Als er die Stimmen der zwei Männer im Hintergrund hört, eine davon als eine merkwürdige Fistelstimme wahrnimmt, begreift er endlich, was eigentlich vorgeht. Denn dieser Mann mit der Fistelstimme ist die vermeintliche Dienstbotin und also der Dieb aus der Villa der Marchesa. Vanderlyn begreift, daß die Leute im Umfeld der Gräfin Gregorowitsch, allesamt Kriminelle sind und Dina selbst Teil dieser Bande ist.

Er bietet den Verbrechern ein Lösegeld an, daß er in Form eines Schecks und eines Begleitschreibens einem der Kerle reicht, der den Scheck in Paris einlösen solle.

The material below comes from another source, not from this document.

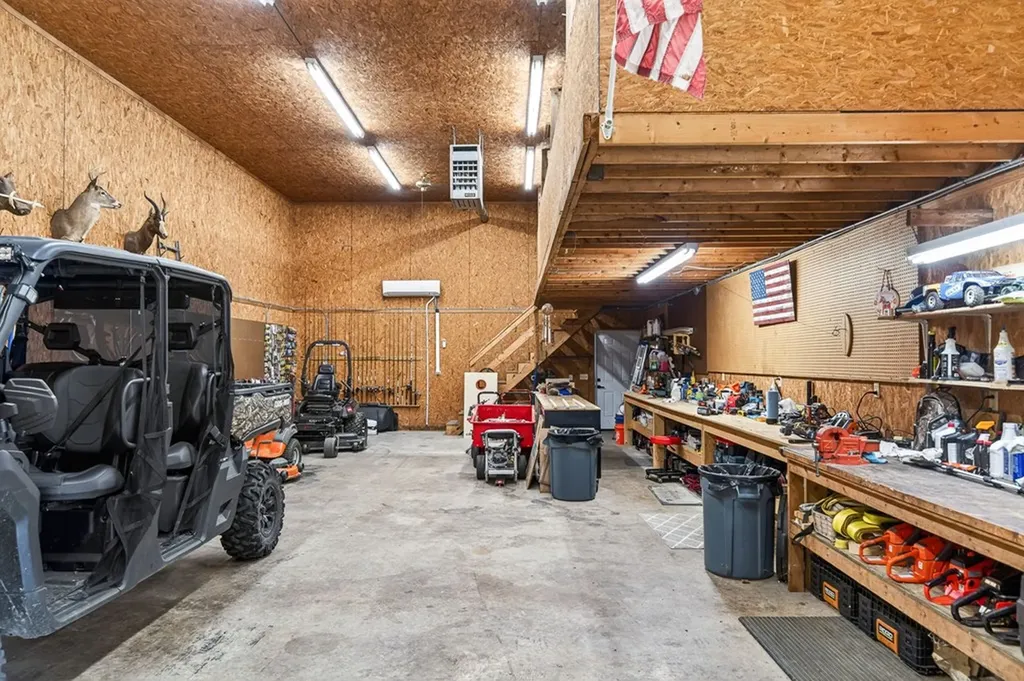 2235 Hidden Cove Road Cookeville TN 38506-7058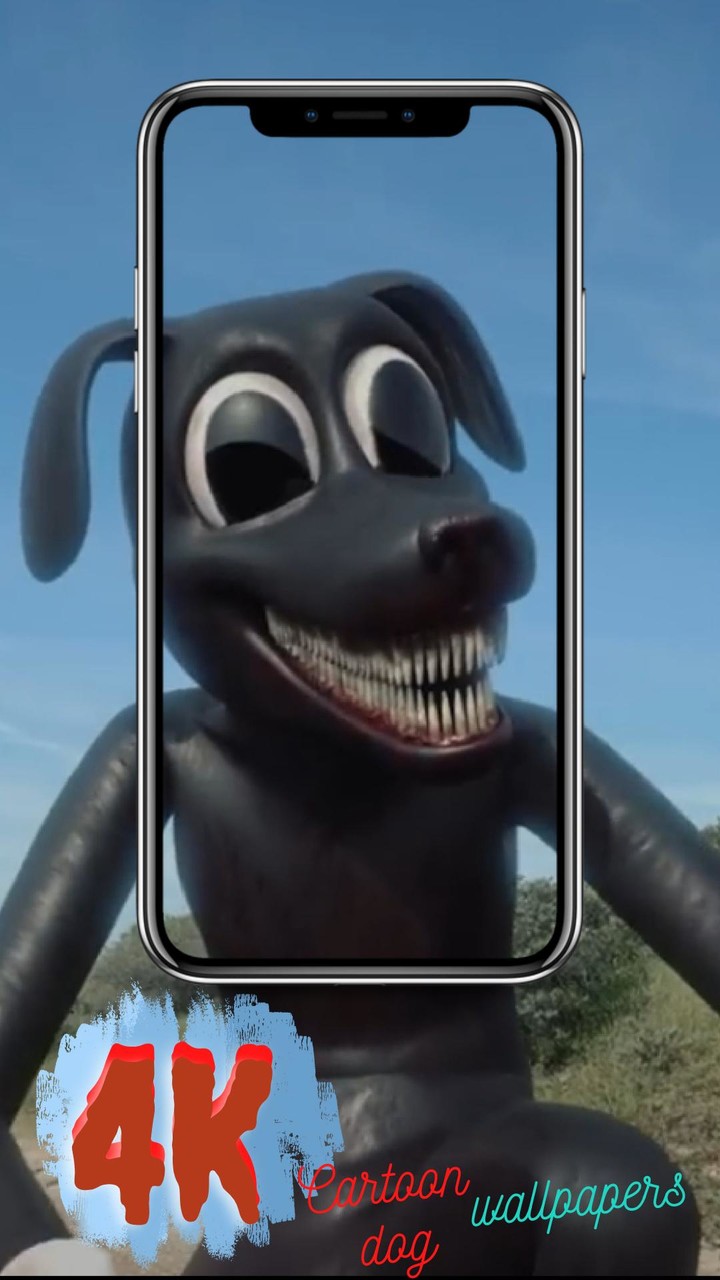 Cartoon Dog Wallpapers screenshot image 5_Popularmodapk.com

Vanderlyn wird in einem Zimmer eingeschlossen und soll vier Tage auf die Rückkunft des Kriminellen warten. Doch in der Nacht befreit ihn Lina aus seiner mißlichen Lage, sie hat ihre vermeintliche Tante und den zurückgebliebenen Helfershelfer mit einer Droge narkotisiert – und die beiden setzen ihre Flucht in ein neues Leben fort.

Damit endet der Roman, der durchaus spannend ist, doch mit dieser lieblosen Übersetzung ist kein Staat zu machen. Der Roman beschreibt sehr realistisch die Atmosphäre jener Klasse von Leuten, die überwiegend von ihrem Vermögen leben und dem Nichtstun frönen in der reizenden, mediterranen Umgebung von Monte Carlo mit all seinen Schattenseiten. Auch die gestrandeten russischen Exilanten, deren Geld nun aufgebraucht ist und sich mit dubiosen Geschäften über Wasser zu halten suchen oder die letzten Familienstücke verhökern, werden treffend porträtiert.